Bill confirmed that since the paintings were taken down, he has seen no more ghosts while cleaning windows in Spital Sq and the episode is concluded, though the implications of these sinister events have been life-changing, as he explained when he told me of his next encounter with the otherwordly.

“I was cleaning the windows of a house in Sheerness, and I looked into the glass and I saw the reflection of an old man right behind me. I could see his full person, a six -oot-four-inch-very-tall man, standing behind me in a collarless shirt. But when I turned round there was no-one there.

I went down to the basement, cleaning the windows, and I felt like someone was climbing on my back. Then I started heaving, I was frozen to the spot. All I kept thinking was, ‘I’ve got to finish this window,’ but as soon as I came out of the basement I felt very scared. Speaking to a lady down the road, she told me that in this same house, in the same window, a builder got thrown off his ladder in the past year and there was no explanation for it.

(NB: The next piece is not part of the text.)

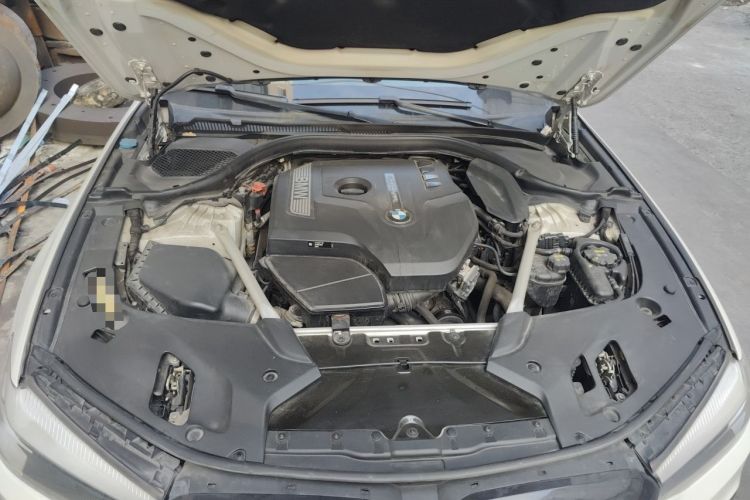 Used BMW 5 Series 2019 Facelifted 530Li Leading Edition M Sport Package Engine Bay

I won’t go back and do that house again, I can tell you.”

As Bill confided his stories, he spoke deliberately, taking his time and maintaining eye contact as he chose his words carefully. I could see that the mere act of telling drew emotions, as Bill re-experienced the intensity of these uncanny events whilst struggling to maintain equanimity. My assumption was that although Bill’s experience at the Society for the Protection of Ancient Buildings might be attributed to a localised phenomenon, what happened in Sheerness suggests that Bill himself is the catalyst for these sightings.

“I feel that I have opened myself up to it because I’ve been to the Spiritualist Church a few times,” he revealed to me. “I do expect to see more ghosts because I work in a lot of old properties, especially round Spitalfields. I don’t dread it but I don’t look forward to it either. It has also made me feel like I do want to become a Spiritualist, and every time I go along, they say, ‘Are you a member of the church?’ But I don’t know, I don’t know what can of worms I’ve opened up.”

Bill’s testimony was touching in its frankness – neither bragging nor dramatising –  instead he was thinking out loud, puzzling over these mysterious events in a search for understanding. As we walked together among the streets of ancient dwellings in the shadow of the old church in Spitalfields where many of the residents are his customers, I naturally asked Bill Crome if he has seen any ghosts in these houses. At once, he turned reticent, stopping in his tracks and insisting that he maintain discretion. “I don’t tell my customers if I see ghosts in their houses,” he informed me absolutely, looking me in the eye, “They don’t need to know and I don’t want to go scaremongering.”

3 Responses leave one →
  1. Milo permalink
    August 25, 2025

    Spooky stuff. Sounds to me like Bill has inadvertently opened a portal. (I’ve watched Ghostbusters) and while the job obviously provides plenty of interesting experiences I don’t know what he sees in it myself….(Sorry, I’m in a playful ‘banish the Monday blues’ type of mood)

  2. August 25, 2025

    I loved reading this. It makes me wonder about all the characters he observes, past and present.

  3. Robin permalink
    August 26, 2025

    What a thrilling post! It sounds to me like Bill has combined the careers of expert window washing and paranormal investigation. And on top of that, he’s a talented story-teller. GA, he might give you a run for your money!